What did he teach ? It was not what…. It was how he taught!!!! More so, who he was! The whole technology ( I call it that only because he was ok with that term; personally I don’t like that term) was unique and experiential. Process work, at its best is an invitation to join in; at its worst it’s an intrusion on one’s privacy. Process work is a simultaneous process of being in touch with our thoughts, feelings and action modalities in unison. It offers people an opportunity to explore the ‘thing’ that lies within, the nature of the ‘thing’ that causes action , feelings and thoughts to form and flow, to study how we journeyed with this ‘thing’ how it has formed, reformed over time , re-calibrating ever so often.


And out there my son announces he has seen a rainbow!!! I look out of my window in disbelief ; indeed like an arc over the church (which lies besides my house) I see the bright colours of the rainbow.
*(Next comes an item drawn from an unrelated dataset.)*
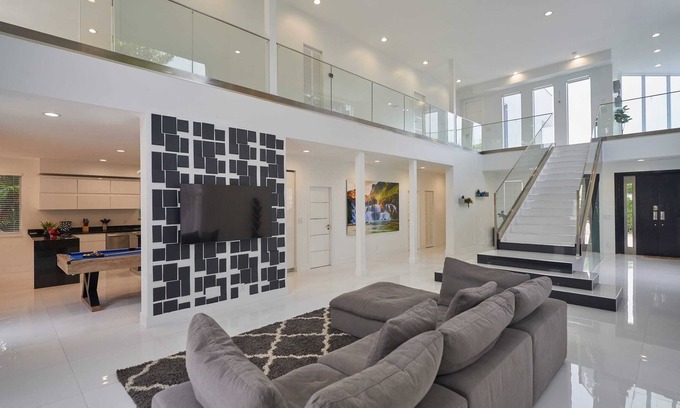 South Lake Villa | Exclusive Top Notch 2-StoryVilla | Cool Terrace w/Grill+Billiards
I pause now. Rewarded for my work. In some way, Pulin is like that – a rainbow that will always be there, when needed most! Adieu my friend! Cheers. In my minds eye I see you nod, and sit back.

John Mason, Principal, St James', kolkata


Our fondest memories are with those with whom we have experienced life changing moments. Sadly it seems that such intense and treasured memories lie in the deep recess of our minds, giving pleasure to self, from time to time. It is time now to acknowledge these special folks in my life, to share with others, and to honour.
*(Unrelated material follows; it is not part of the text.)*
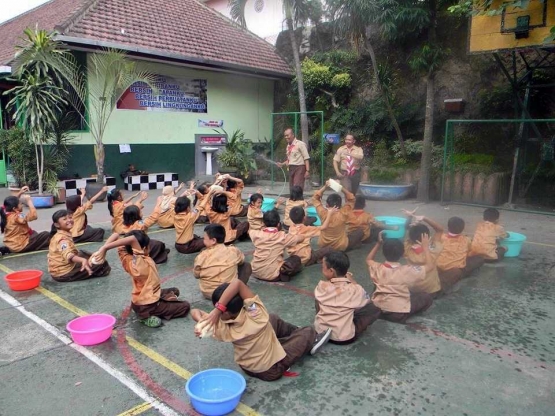 Permainan memindahkan air. - Dokumentasi pribadi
John Mason is one such treasured person in my life. He was the principal of St James’ School during the period 1980-1982. St James’ school was everything one hoped for, and John Mason, the perfect quintessential Principal.

I met him during the admission time, and he was cautious about my grades in Hindi. I was adamant that I would do well in the board exam. He leant forward and said, ’Tell you what, come see me, when your results are out”. That ended the debate. Months later I went back. He admitted me on the spot.
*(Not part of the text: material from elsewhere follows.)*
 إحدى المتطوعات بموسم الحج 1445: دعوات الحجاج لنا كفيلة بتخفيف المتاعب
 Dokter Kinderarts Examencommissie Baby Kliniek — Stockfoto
Mason encouraged all of us to participate in extra curricular activities. One day he strolled into our classroom and his eyes settled on me as he invited me to take part in the debate competition. I protested, saying I could never debate. “How would you know you cannot”, he countered, “unless you tried. I want to see you on the podium next week, young man” he said as he walked out. The next week I went up on the podium, my first time, and over the years many such events followed. But it was just sheer nectar, that first moment when he walked up to me after the debate, and shook my hand, my face all flushed and red with excitement.

Then there was that moment pre selection ahead of the final exams when he walked into our class, and started to address each student, exhorting each one to give their best performance. When my turn came, he looked at my academic progress scores, which was quite good, but his eye picked the lowest subject (no guesses, it was Hindi again).  “So what do you have to say about this”, he challenged me. I will do well, I replied, but weakly, this time quite uncertain of myself.

Then to my surprise he said, ‘I know you will do well. I recall the day on the track field last summer. You had red all over your foot (I had wounded myself and bloodly). You still picked yourself and ran that race and completed it. I know you will finish this one too”. No surprise he words spurred me. I put my mind to the task, not so much for myself but for the faith he had put in me.

I finished off St James’ as a school prefect, stood second in my class in the board exams, and had a string of certificates in field and track events, soccer, as also debating, elocution and plays.


I curiously wonder what made John Mason pick me that day in class? I know it could have been anyone: each of us is a seed of potential. Today, I would like to thank you Sir. Your encouragement helped me, as I am sure that would be true for so many others.